* **Exercise requirements**: Please return the full listing below without altering anything.

········

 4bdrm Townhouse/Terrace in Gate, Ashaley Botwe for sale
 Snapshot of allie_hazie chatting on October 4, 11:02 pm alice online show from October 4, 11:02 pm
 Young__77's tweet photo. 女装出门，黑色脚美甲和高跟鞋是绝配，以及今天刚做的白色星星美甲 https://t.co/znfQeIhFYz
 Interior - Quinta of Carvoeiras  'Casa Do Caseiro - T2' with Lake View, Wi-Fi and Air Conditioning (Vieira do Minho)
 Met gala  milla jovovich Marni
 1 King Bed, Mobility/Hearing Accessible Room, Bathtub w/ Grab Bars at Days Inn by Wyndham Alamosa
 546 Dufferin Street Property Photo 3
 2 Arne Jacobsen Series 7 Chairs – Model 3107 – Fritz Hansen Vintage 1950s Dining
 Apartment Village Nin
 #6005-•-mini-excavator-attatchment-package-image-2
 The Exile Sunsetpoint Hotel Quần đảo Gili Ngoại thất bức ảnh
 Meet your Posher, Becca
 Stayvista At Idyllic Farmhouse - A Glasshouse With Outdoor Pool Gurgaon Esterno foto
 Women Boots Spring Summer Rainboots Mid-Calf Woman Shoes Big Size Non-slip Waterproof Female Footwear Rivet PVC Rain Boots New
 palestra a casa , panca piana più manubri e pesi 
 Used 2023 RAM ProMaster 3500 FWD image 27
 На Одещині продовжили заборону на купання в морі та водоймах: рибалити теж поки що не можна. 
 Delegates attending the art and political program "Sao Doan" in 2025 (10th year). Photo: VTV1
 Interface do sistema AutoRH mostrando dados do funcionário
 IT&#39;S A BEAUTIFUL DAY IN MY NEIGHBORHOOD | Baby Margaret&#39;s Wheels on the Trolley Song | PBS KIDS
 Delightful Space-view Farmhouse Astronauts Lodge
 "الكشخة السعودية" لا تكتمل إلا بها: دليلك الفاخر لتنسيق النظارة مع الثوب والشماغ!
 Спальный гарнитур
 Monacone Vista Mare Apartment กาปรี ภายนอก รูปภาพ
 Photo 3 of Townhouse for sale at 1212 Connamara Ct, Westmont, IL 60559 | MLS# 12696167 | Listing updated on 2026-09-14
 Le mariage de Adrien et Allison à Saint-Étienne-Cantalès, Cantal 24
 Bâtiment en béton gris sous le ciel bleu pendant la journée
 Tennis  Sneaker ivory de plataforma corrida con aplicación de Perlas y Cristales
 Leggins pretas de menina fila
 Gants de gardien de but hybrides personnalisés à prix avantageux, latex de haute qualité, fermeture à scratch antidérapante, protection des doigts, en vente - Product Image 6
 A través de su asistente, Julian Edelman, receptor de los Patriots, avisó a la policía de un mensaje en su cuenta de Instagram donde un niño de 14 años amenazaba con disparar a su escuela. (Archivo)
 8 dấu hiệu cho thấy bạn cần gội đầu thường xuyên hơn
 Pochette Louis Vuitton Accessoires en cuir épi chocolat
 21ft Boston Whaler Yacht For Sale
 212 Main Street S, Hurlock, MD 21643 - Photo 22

········

* **Output below**:
 4bdrm Townhouse/Terrace in Gate, Ashaley Botwe for sale
 Snapshot of allie_hazie chatting on October 4, 11:02 pm alice online show from October 4, 11:02 pm
 Young__77's tweet photo. 女装出门，黑色脚美甲和高跟鞋是绝配，以及今天刚做的白色星星美甲 https://t.co/znfQeIhFYz
 Interior - Quinta of Carvoeiras  'Casa Do Caseiro - T2' with Lake View, Wi-Fi and Air Conditioning (Vieira do Minho)
 Met gala  milla jovovich Marni
 1 King Bed, Mobility/Hearing Accessible Room, Bathtub w/ Grab Bars at Days Inn by Wyndham Alamosa
 546 Dufferin Street Property Photo 3
 2 Arne Jacobsen Series 7 Chairs – Model 3107 – Fritz Hansen Vintage 1950s Dining
 Apartment Village Nin
 #6005-•-mini-excavator-attatchment-package-image-2
 The Exile Sunsetpoint Hotel Quần đảo Gili Ngoại thất bức ảnh
 Meet your Posher, Becca
 Stayvista At Idyllic Farmhouse - A Glasshouse With Outdoor Pool Gurgaon Esterno foto
 Women Boots Spring Summer Rainboots Mid-Calf Woman Shoes Big Size Non-slip Waterproof Female Footwear Rivet PVC Rain Boots New
 palestra a casa , panca piana più manubri e pesi 
 Used 2023 RAM ProMaster 3500 FWD image 27
 На Одещині продовжили заборону на купання в морі та водоймах: рибалити теж поки що не можна. 
 Delegates attending the art and political program "Sao Doan" in 2025 (10th year). Photo: VTV1
 Interface do sistema AutoRH mostrando dados do funcionário
 IT&#39;S A BEAUTIFUL DAY IN MY NEIGHBORHOOD | Baby Margaret&#39;s Wheels on the Trolley Song | PBS KIDS
 Delightful Space-view Farmhouse Astronauts Lodge
 "الكشخة السعودية" لا تكتمل إلا بها: دليلك الفاخر لتنسيق النظارة مع الثوب والشماغ!
 Спальный гарнитур
 Monacone Vista Mare Apartment กาปรี ภายนอก รูปภาพ
 Photo 3 of Townhouse for sale at 1212 Connamara Ct, Westmont, IL 60559 | MLS# 12696167 | Listing updated on 2026-09-14
 Le mariage de Adrien et Allison à Saint-Étienne-Cantalès, Cantal 24
 Bâtiment en béton gris sous le ciel bleu pendant la journée
 Tennis  Sneaker ivory de plataforma corrida con aplicación de Perlas y Cristales
 Leggins pretas de menina fila
 Gants de gardien de but hybrides personnalisés à prix avantageux, latex de haute qualité, fermeture à scratch antidérapante, protection des doigts, en vente - Product Image 6
 A través de su asistente, Julian Edelman, receptor de los Patriots, avisó a la policía de un mensaje en su cuenta de Instagram donde un niño de 14 años amenazaba con disparar a su escuela. (Archivo)
 8 dấu hiệu cho thấy bạn cần gội đầu thường xuyên hơn
 Pochette Louis Vuitton Accessoires en cuir épi chocolat
 21ft Boston Whaler Yacht For Sale
 212 Main Street S, Hurlock, MD 21643 - Photo 22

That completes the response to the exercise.